What is being asked — In the data below, locate the line containing "Chicago Cubs #23" and the line containing "ZICAV Retainer Cleaner", then retype both and everything between them exactly. Pictures are not part of the copy.

[[ Data to process open ]]

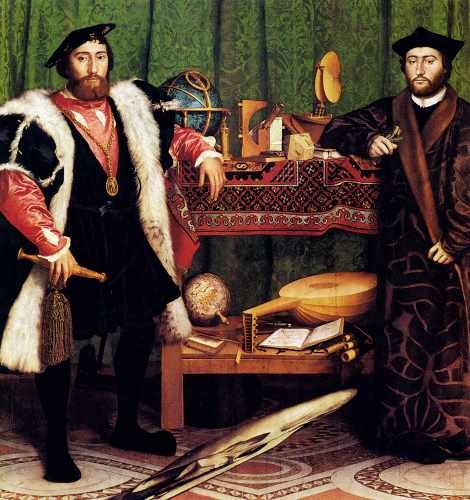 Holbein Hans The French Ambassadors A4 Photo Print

[[ Data to process closed ]]
[[ Data to process open ]]

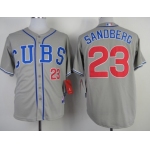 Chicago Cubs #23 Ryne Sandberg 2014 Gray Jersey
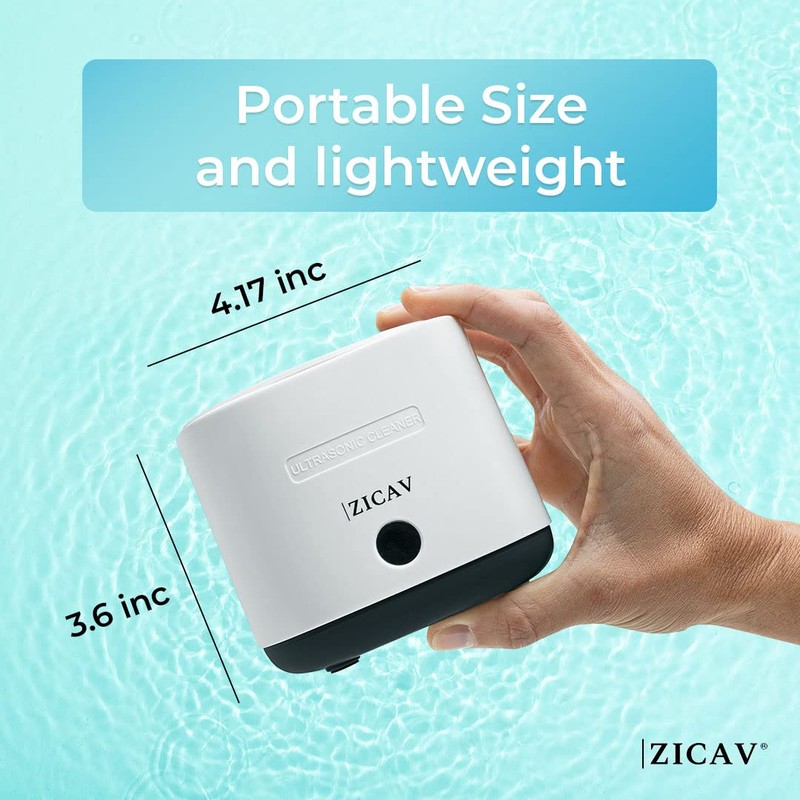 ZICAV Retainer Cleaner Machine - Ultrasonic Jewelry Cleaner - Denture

[[ Data to process closed ]]

The completed task —
 Chicago Cubs #23 Ryne Sandberg 2014 Gray Jersey
 ZICAV Retainer Cleaner Machine - Ultrasonic Jewelry Cleaner - Denture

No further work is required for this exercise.